VSAN 6.5 to 6.6 Upgrade Issues with CLOMD Liveness

Before attempting any upgrades in a production environment I always try to test the process and functionality in a lab first. With this in mind I wanted to test the upgrade of VSAN 6.5 to 6.6 in my home lab, and unfortunately I initially didn’t have a whole lot of success. I’ve now fixed all the issues and just in-case anyone has the same problems, I’d like to ensure the resolution is readily available. I haven’t had the time to define the root cause but I have resolved the issues.

Firstly, let me make sure you understand, this is on UN-SUPPORTED hardware. These issues may not ever exist in a fully supported and compliant production environment. I have not seen these VSAN upgrade issues in fully supported environment. However, we all tend to run our labs on un-supported hardware so I’m sure I won’t be the only one that comes across these issues and just in-case other people do, the resolution is pretty simple. I have seen the same issues three times in three separate (unsupported) environments.

The upgrade was from VSAN 6.5 to VSAN 6.6 and as VSAN isn’t a stand-alone product, it is built into vSphere so the upgrade performed is as simple as upgrading ESXi. I was running ESXi 6.5.0 (Build 4887370) and the upgrade was to ESXi 6.5.0 (Build 5310538).

It has been a long (and i mean a LONG time) time since I have seen an ESXi purple screen. But soon after upgrading my environment to ESXi 6.5 (5310538) my hosts started purple screening. I had to take a screen shot because this is a rare sight. It only happened once and since the below fixes were applied it has never happened again.

Screen Shot 2017-05-26 at 7.28.59 PM

The VSAN upgrade process is very straight forward to perform.

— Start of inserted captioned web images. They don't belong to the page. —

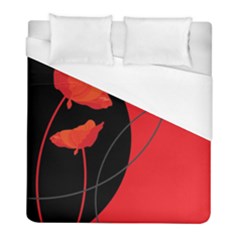 Flower Floral Red Black Sakura Line Duvet Cover (full/ Double Size) by Mariart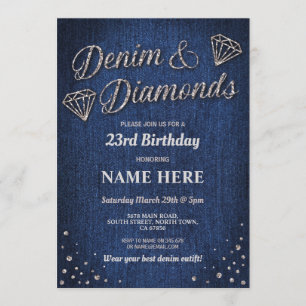 Invitación Diamante Purpurina de plata de denim azul de fiest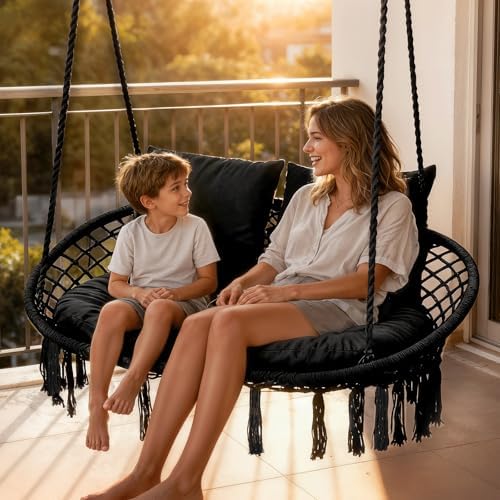 Magshion 2-Person Macrame Hanging Hammock Swing Chair, Black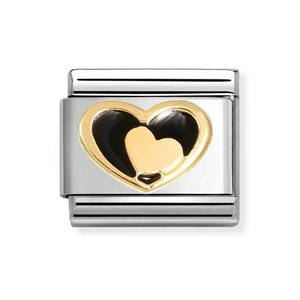 Classic Gold Black Heart-In-Heart Enamel Charm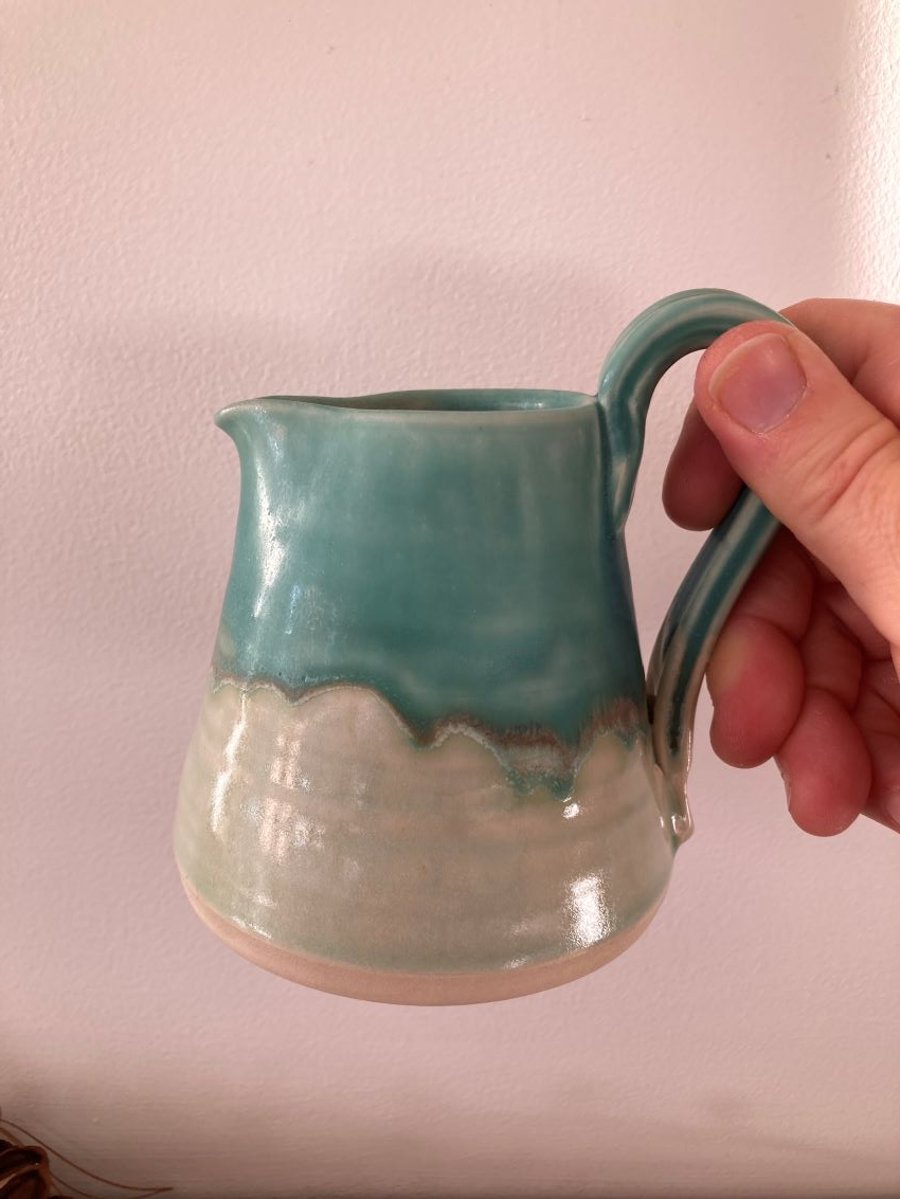 Ceramic handmade small jug - Glazed in turquoise and greens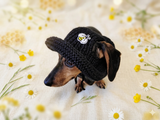 Crochet Dog Sun Hat with Flower Appliqué - Handmade Dachshund Bucket Hat - Floral Pet Summer Accessory - Cute Dog Bonnet with Ear Holes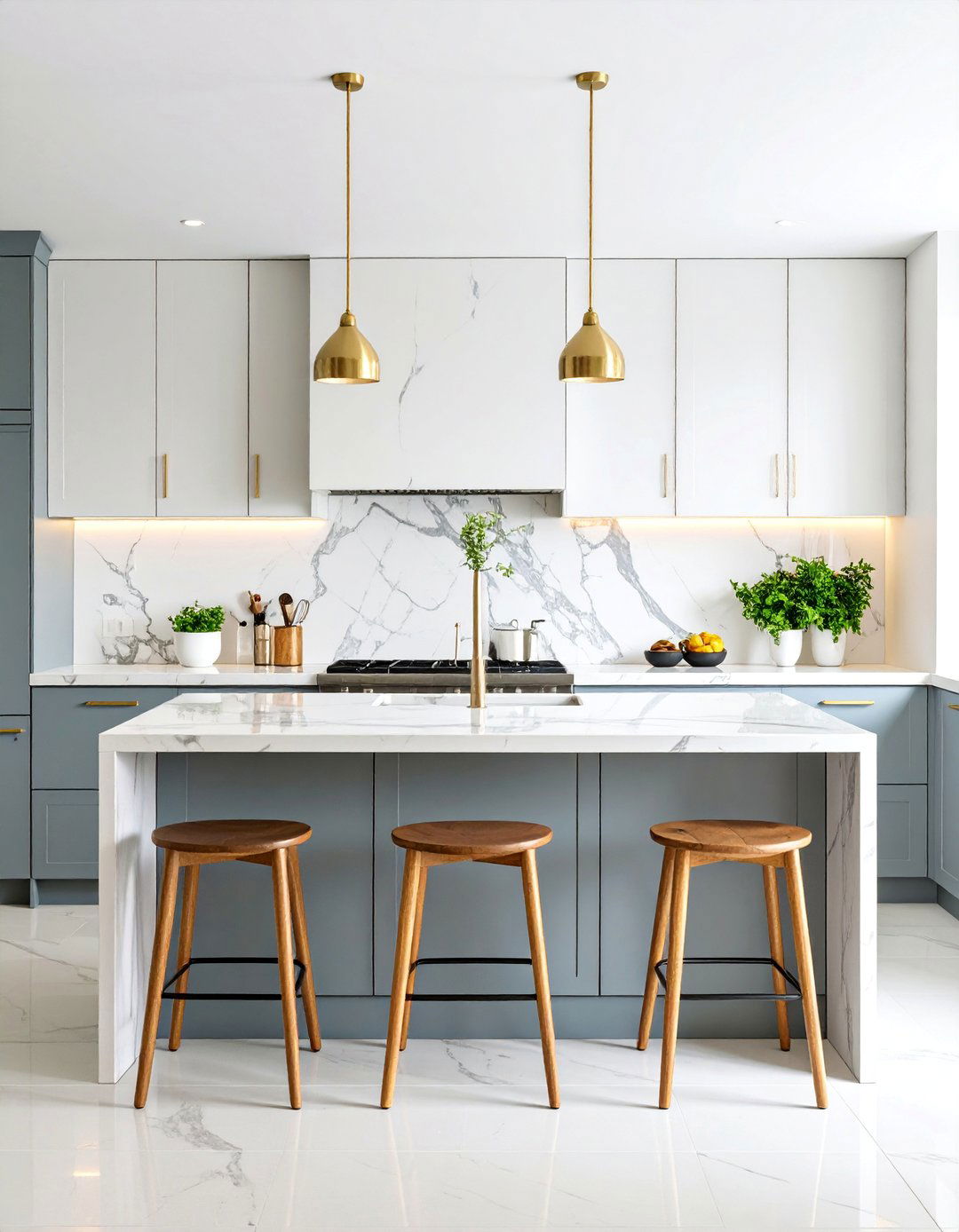 Large Format Quartzite Slab - 25 Kitchen Backsplash Ideas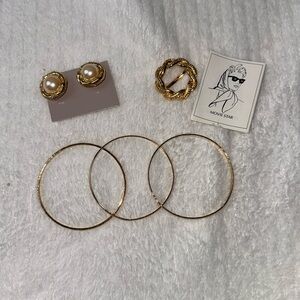 Avon vintage fashion faux pearl pierced earrings, bangle bracelets & scarf ring.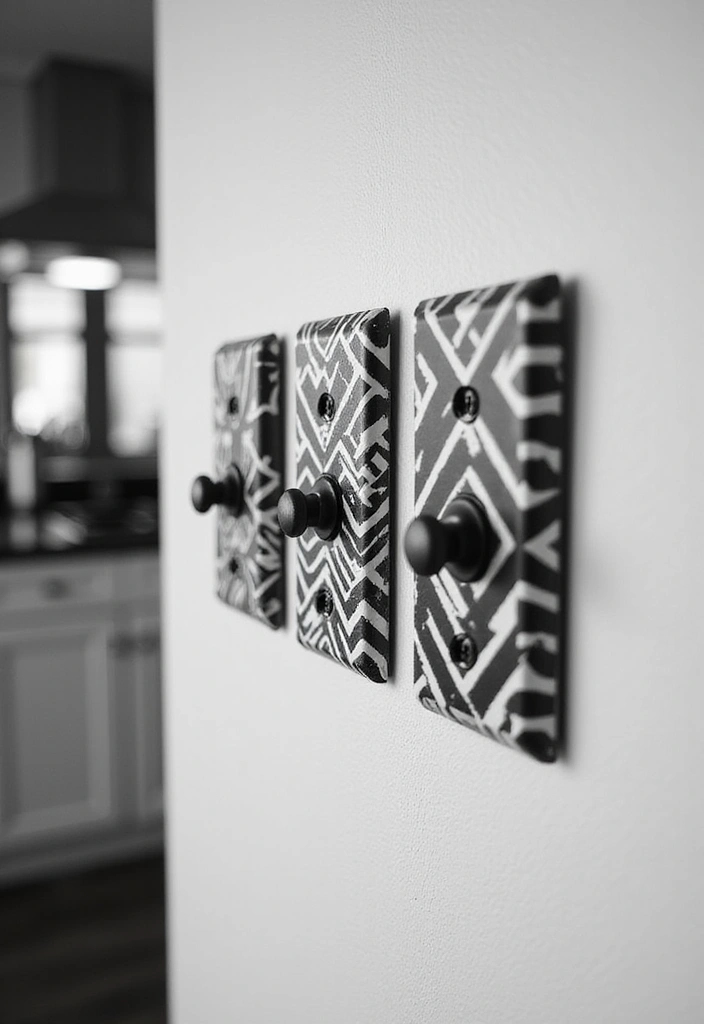26 Black and White Kitchen Ideas That Never Go Out of Style 158 26 Black and White Kitchen Ideas That Never Go Out of Style - 24. Bold Light Switch Covers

  • Upgrade vCenter Server
  • Upgrade ESXi hosts
  • Upgrade the disk format version

Straight after the upgrade I started receiving vMotion alerts and my VMs wouldn’t migrate between hosts. There didn’t appear to be any configuration issues with vMotion and it was working perfectly fine before the upgrade. I tested the connectivity using a vmkping between hosts on the vMotion vmkernel IP and it failed. There was no network connectivity between hosts on the vMotion vmkernel port!

The vMotion fix:
I found that simply deleting the existing vMotion vmkernel and recreating a new vmkernel with the exact same configuration fixed all the issues. I had to do this on all hosts within the cluster and vMotion started working again.

CLOMD Liveness

This brings me to the next issue which was a lot more critical, the CLOMD Liveness. After I resolved the vMotion alerts, I ran a quick health check on VSAN. I found that my hosts were now reporting a “CLOMD Liveness” issue. This is concerning because the CLOMD (Cluster Level Object Manager Daemon) is a key component to VSAN. CLOMD runs on every ESXi host in a VSAN cluster and is responsible for creating new objects, communication between hosts for data moves and evacuations, and the repair of existing VSAN objects. To put it simply, this is a critical component for creating any new objects on VSAN.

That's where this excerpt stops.